One advantage of the cluster analysis method is that it allows us to identify groups of observations with similar characteristics and create composite indices tailored to each group. It also allows us to take into account the relative importance of each variable in defining each group. However, the method is sensitive to the choice of distance metric and clustering algorithm used, which may affect the resulting clusters and composite indices. Therefore, it is important to carefully evaluate the assumptions and limitations of the method when using it to create a composite index.


6. Regression analysis: Regression analysis is another technique that can be used to create a composite index. It involves estimating a linear regression model that predicts an outcome variable (e.g., economic development) from a set of predictor variables (e.g., GDP per capita, education level, healthcare expenditure). The coefficients of the regression model are then used as weights to combine the predictor variables into a composite index.

The regression model can be estimated using a variety of techniques, such as ordinary least squares regression or ridge regression. The choice of technique will depend on the characteristics of the data and the goals of the analysis.

To illustrate how regression analysis can be used to create a composite index, consider the following example. We want to create a composite index of social welfare for different states in a country, and we have data on four variables: poverty rate, unemployment rate, education level, and healthcare expenditure. We would first estimate a linear regression model that predicts social welfare from these variables:

  • Social Welfare = b0 + b1 * Poverty Rate + b2 * Unemployment Rate + b3 * Education Level + b4 * Healthcare Expenditure + e

where b0 is the intercept, b1-b4 are the regression coefficients for each predictor variable, and e is the error term.

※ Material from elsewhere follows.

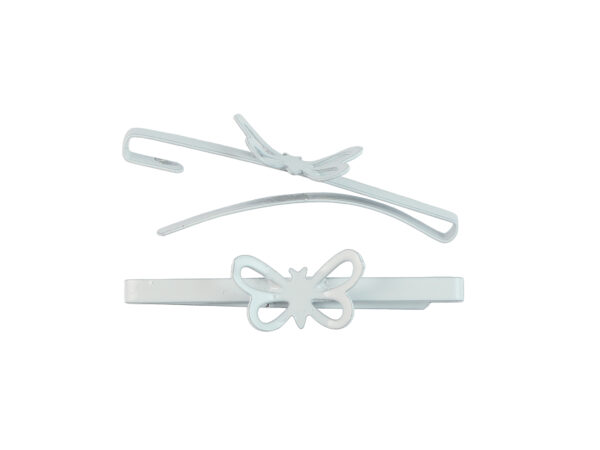 2" Bar Butterfly Barrette White 270 0066 0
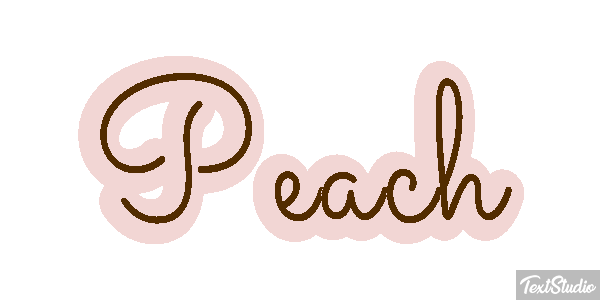 Peach Текстовый эффект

The regression coefficients indicate the strength and direction of the relationship between each predictor variable and social welfare, holding all other variables constant. For example, a positive coefficient for education level would indicate that states with higher education levels tend to have higher social welfare levels, all else being equal.

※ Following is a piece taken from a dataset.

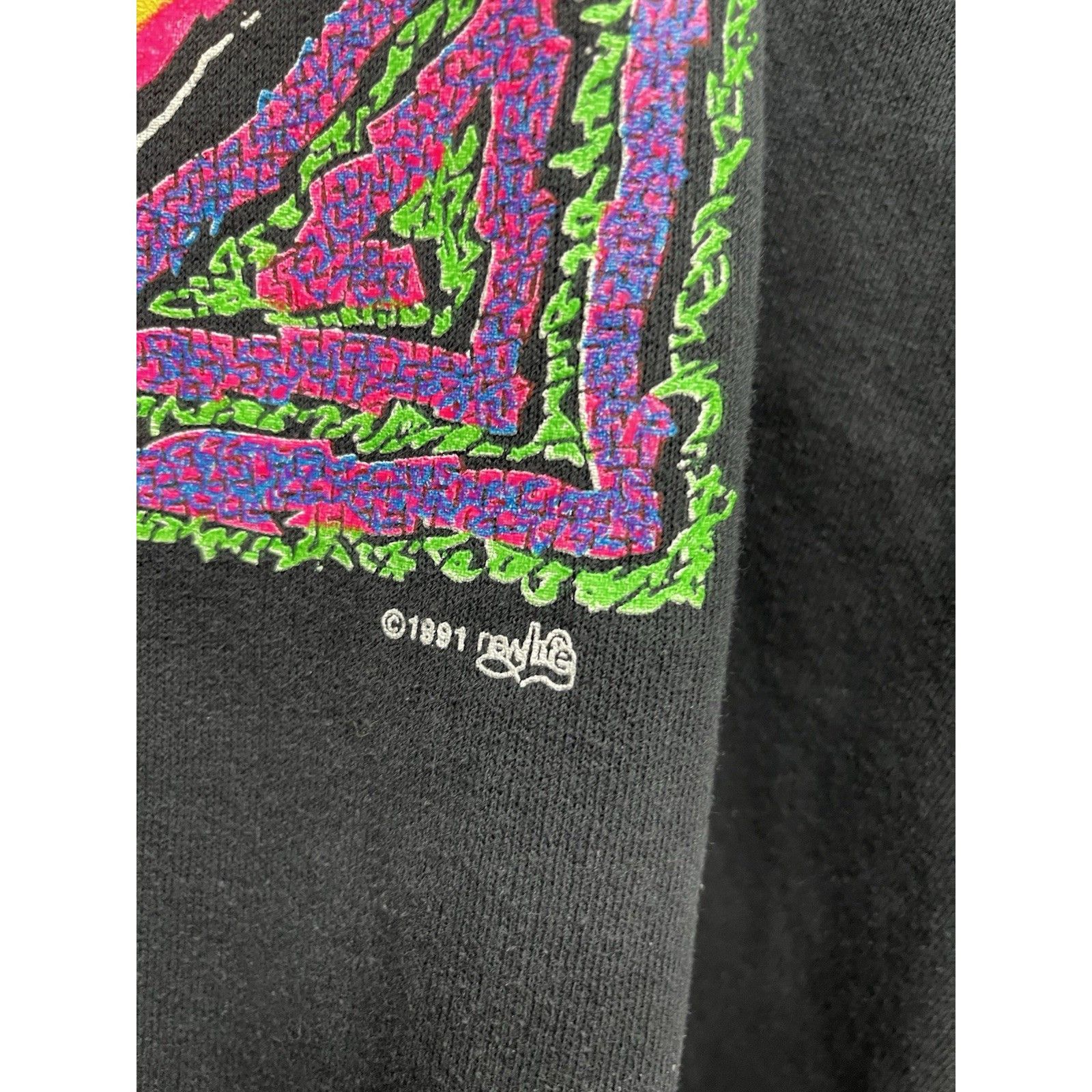 Lee VINTAGE 1991 JESUS GIVES NEW LIFE SWEATSHIRT XL LEE MADE IN Size US XL / EU 56 / 4 - 4 Thumbnail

To use the regression coefficients as weights for the composite index, we would first normalise them to ensure that they sum to 1. We can do this by dividing each coefficient by the sum of all coefficients:

  • Weighted Index = (b1/sum(b1-b4)) * Poverty Rate + (b2/sum(b1-b4)) * Unemployment Rate + (b3/sum(b1-b4)) * Education Level + (b4/sum(b1-b4)) * Healthcare Expenditure

The resulting composite index reflects the relative importance of each predictor variable in predicting social welfare, as determined by the regression model.

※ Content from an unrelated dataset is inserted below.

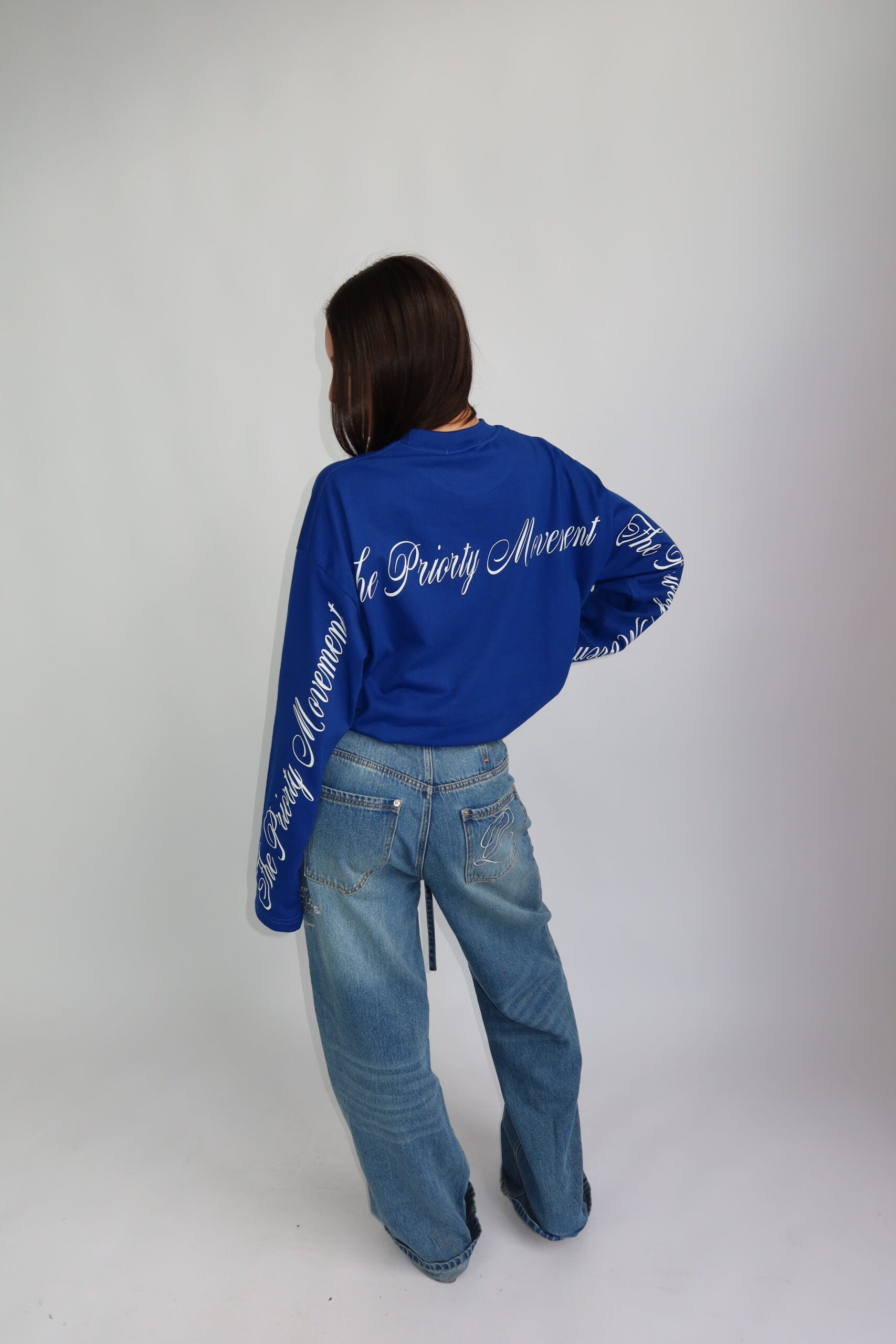 PRIORITY - LONGSLEEVE COBALT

One advantage of the regression analysis method is that it allows us to estimate the contribution of each predictor variable to the composite index, and to control for the effects of other variables in the analysis. However, the method assumes that the relationship between the predictor variables and the outcome variable is linear and that there are no interactions among the variables. It may also be sensitive to outliers or influential observations in the data. Therefore, it is important to carefully evaluate the assumptions and limitations of the method when using it to create a composite index.